## Required action:
Copy out and return the lines from the one holding "The Book Service" to the end of the listing below, both included, omitting the pictures.

═════ Supplied data

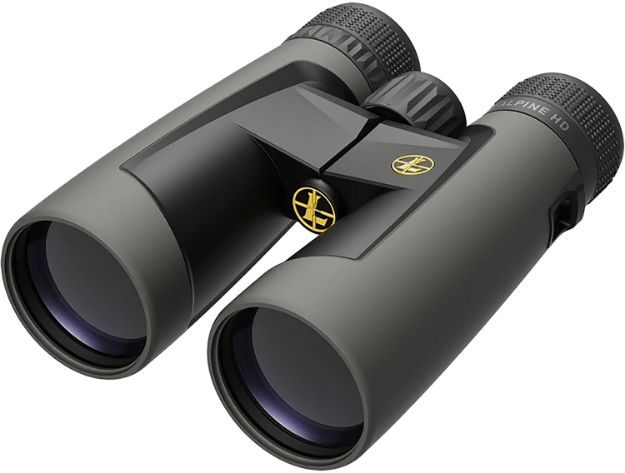 Picture of Leupold 181179 BX-2 Alpine HD 12x 52mm Abbe-Koenig Roof Prism Center Focus Magnesium Housing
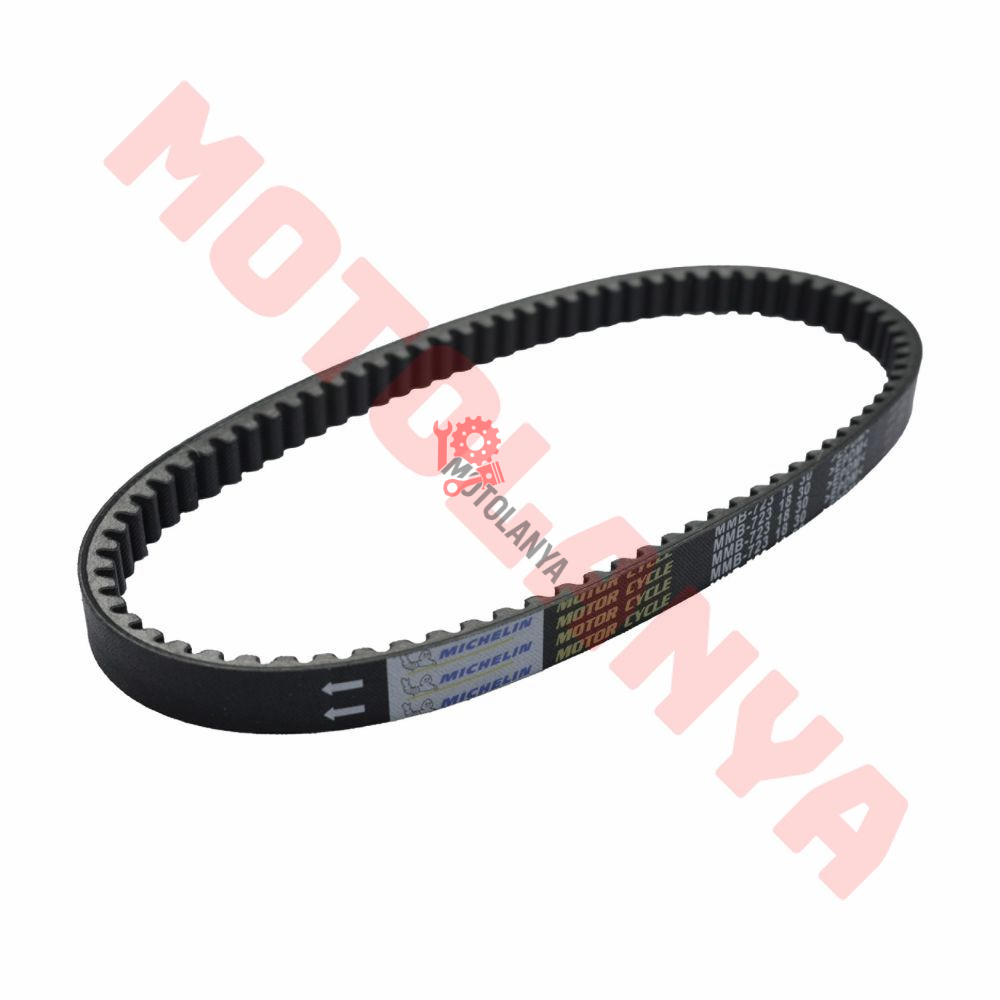 KAYIŞ ''723 x 18 x 30'' [ MOTOLÜX ROSSI 50cc ] - MICHELIN
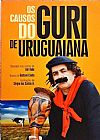 Capa do livro Os Causos Do Guri De Uruguaiana, Kobe Jair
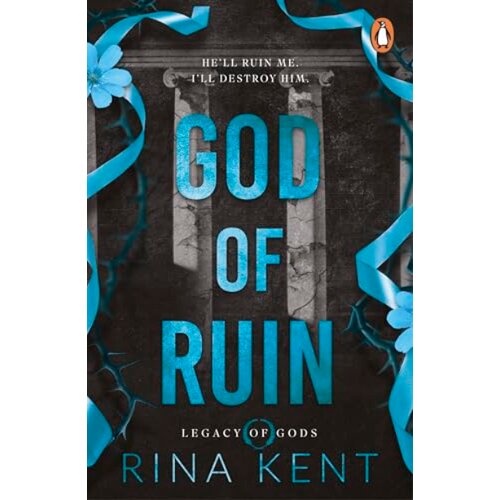 The Book Service Limited Rina Kent - God of Ruin Cene
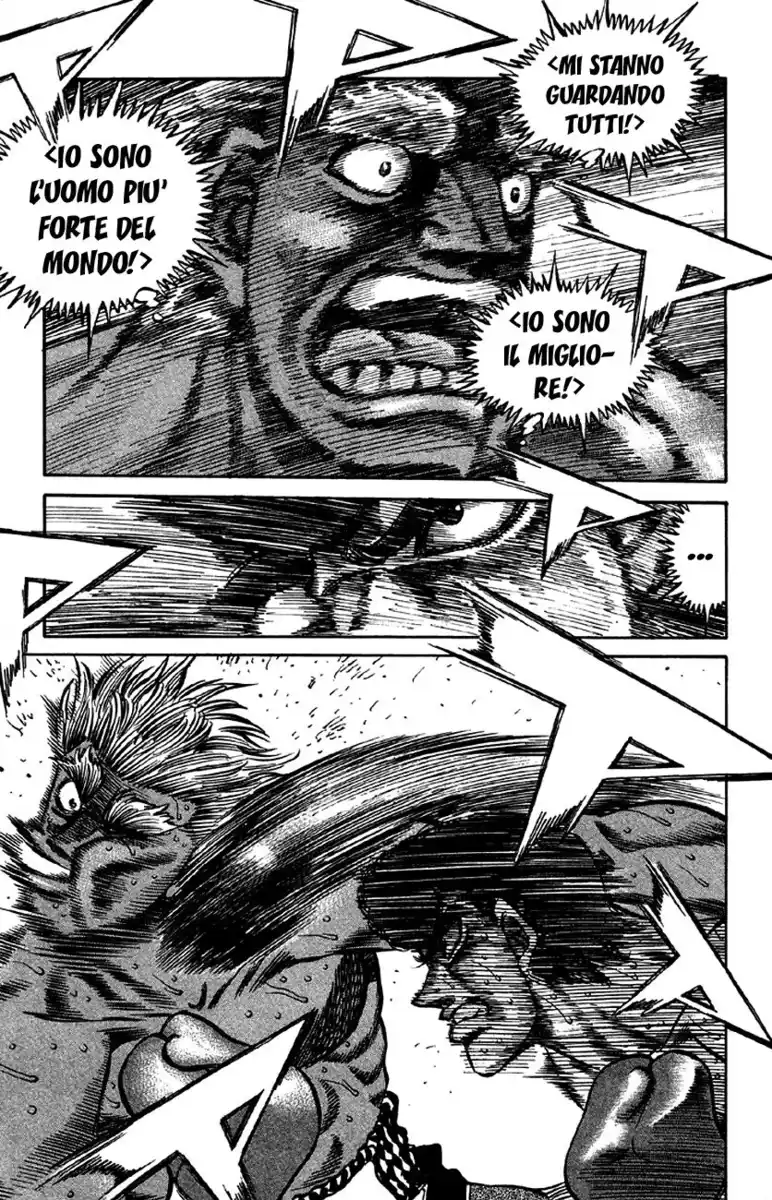 Hajime no Ippo Capitolo 394 page 18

══════════

## Written answer:
 The Book Service Limited Rina Kent - God of Ruin Cene
 Hajime no Ippo Capitolo 394 page 18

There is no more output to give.